◆ Work task: When the line containing "2021 Jeep Cherokee" is found in the data below, give it again along with every later line, exactly; drop the pictures.

◆ Data section:
::::
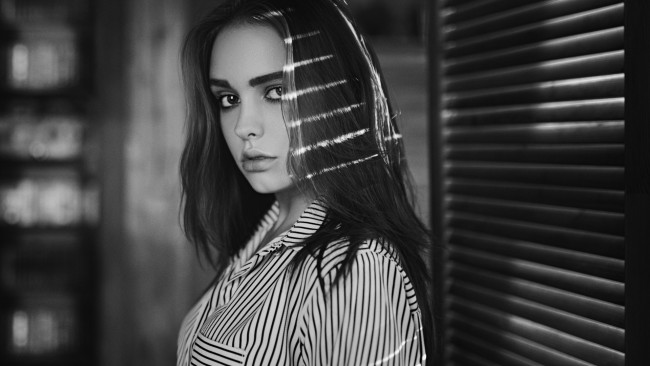 Обои картинки фото девушки, - черно-белые, модель, портрет, взгляд, на, зрителя, открытый, рот, монохром, глубина, резкости, cергей, жирнов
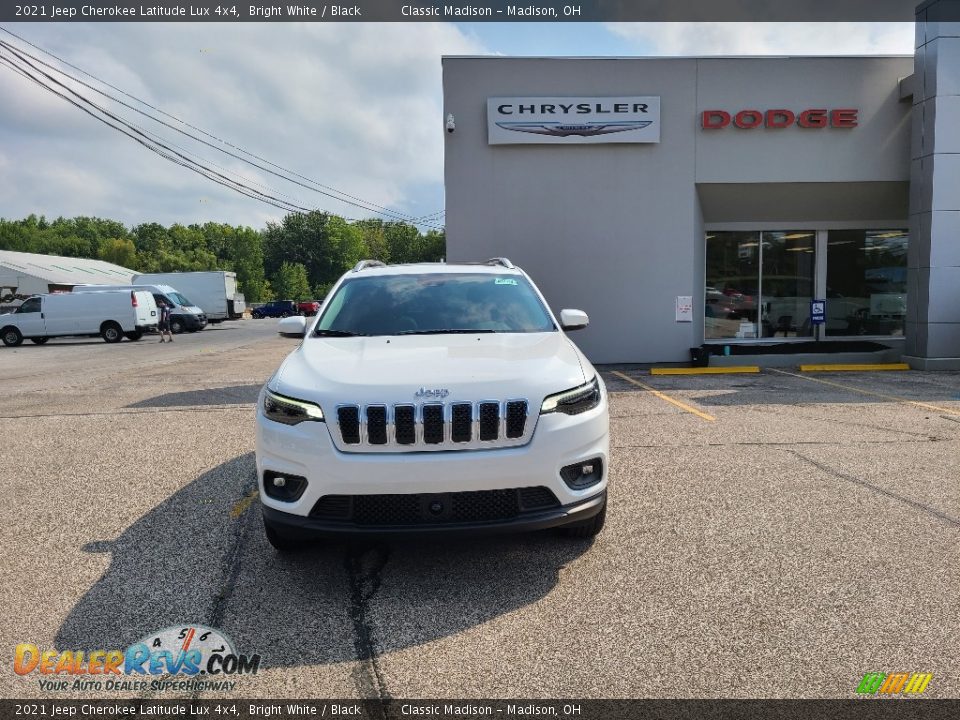 2021 Jeep Cherokee Latitude Lux 4x4 Bright White / Black Photo #2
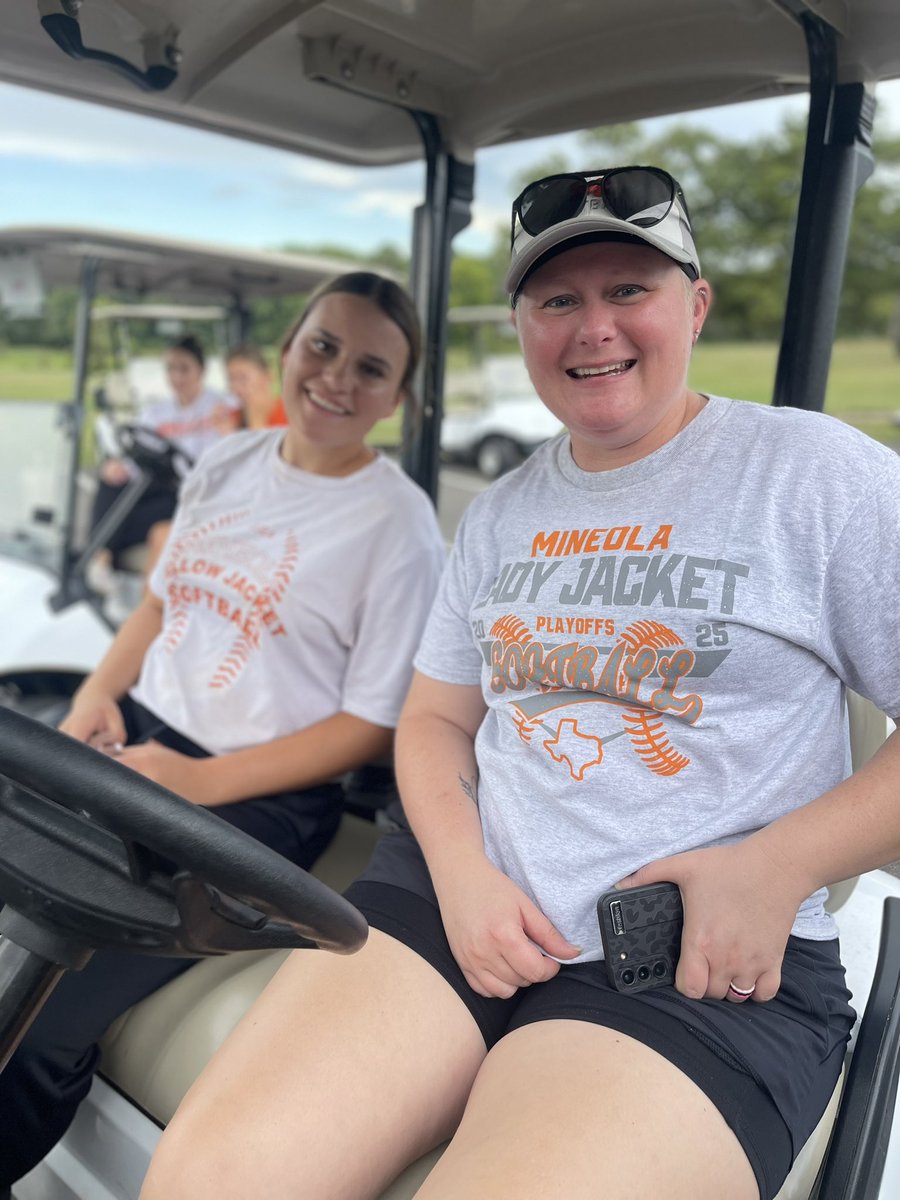 Thankful for our community for their unwavering kindness and support for our program 🧡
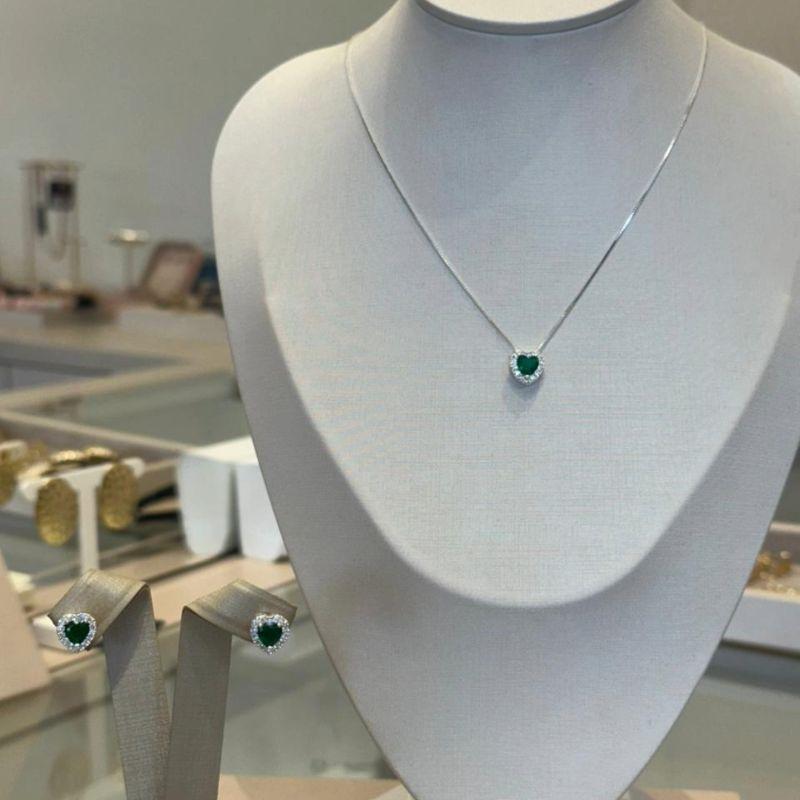 CONJUNTO PRATA CORAÇÃO VERDE ESMERALDA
::::
◆ Answer box:
 2021 Jeep Cherokee Latitude Lux 4x4 Bright White / Black Photo #2
 Thankful for our community for their unwavering kindness and support for our program 🧡
 CONJUNTO PRATA CORAÇÃO VERDE ESMERALDA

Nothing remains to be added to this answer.